Они сдѣланы изъ воды и изъ вѣтра, изъ того, что неуловимо и наполовину уловимо. Все — Чонгъ-Туэ: природа такъ полна духовъ, что гніетъ отъ нихъ. По скольку мы не подпадаемъ подъ вліяніе клеветъ тупоумныхъ купцовъ, мы видимъ Китай сквозь призму энтузіазма Вольтера, который самъ видѣлъ его сквозь туманъ корыстныхъ похвалъ іезуитовъ; и мы ничего не понимаемъ въ немъ. Китай, это — четыреста милліоновъ анимистовъ, аристократія которыхъ перешла къ раціонализму, благодаря философу, по имени Конфуцію. Но анимистовъ все-таки еще достаточно. Вотъ чего не говорятъ книги. Есть драконы подъ землей, вызывающіе землетрясеніе; есть они и въ небѣ, и это они причиняютъ кораблекрушеніе; есть они и въ воздухѣ, и эти распространяютъ болѣзни. Рѣки имѣютъ своихъ драконовъ, горы своихъ, то же самое поля, провинціи, дома, все на свѣтѣ. Есть добрые драконы, которыхъ императоръ производитъ въ мандарины, и которые получаютъ повышенія. Но съ ними, какъ съ людьми, даже съ добрыми: имъ нельзя довѣрять. Ихъ число растетъ съ каждымъ днемъ: отъ всѣхъ мертвыхъ отдѣляется личинка, которая остается на землѣ, невидимая, вѣчная, почти всегда пагубная.

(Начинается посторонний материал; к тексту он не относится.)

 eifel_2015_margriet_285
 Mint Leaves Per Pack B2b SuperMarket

Вполнѣ вѣроятно, что эти носящіяся въ воздухѣ личинки подобны той формѣ, изъ которой онѣ вышли, т. е. подобны больнымъ и мертвымъ: слѣдовательно, онѣ угрюмы, прилипчивы, раздражительны и гнилы. Не можетъ быть ничего болѣе разумнаго и болѣе ужасающаго, чѣмъ это предположеніе китайцевъ, и вотъ почему христіанство — великая, свѣтлая, драгоцѣнная религія. Души нашихъ мертвецовъ — на небѣ или въ аду, гдѣ ихъ хорошо охраняютъ. У Святого Петра имѣются ключи, у сатаны рогатина, стѣны надежны. Вотъ уже тысяча девятьсотъ лѣтъ, какъ наши покойники находятся въ заточеніи для нашего полнаго спокойствія. Мы ихъ охраняемъ, мы даже молимся за нихъ, мы можемъ спокойно прогуливаться по поверхности земли, — мы, европейцы. Но китайцы! Они умираютъ отъ страха.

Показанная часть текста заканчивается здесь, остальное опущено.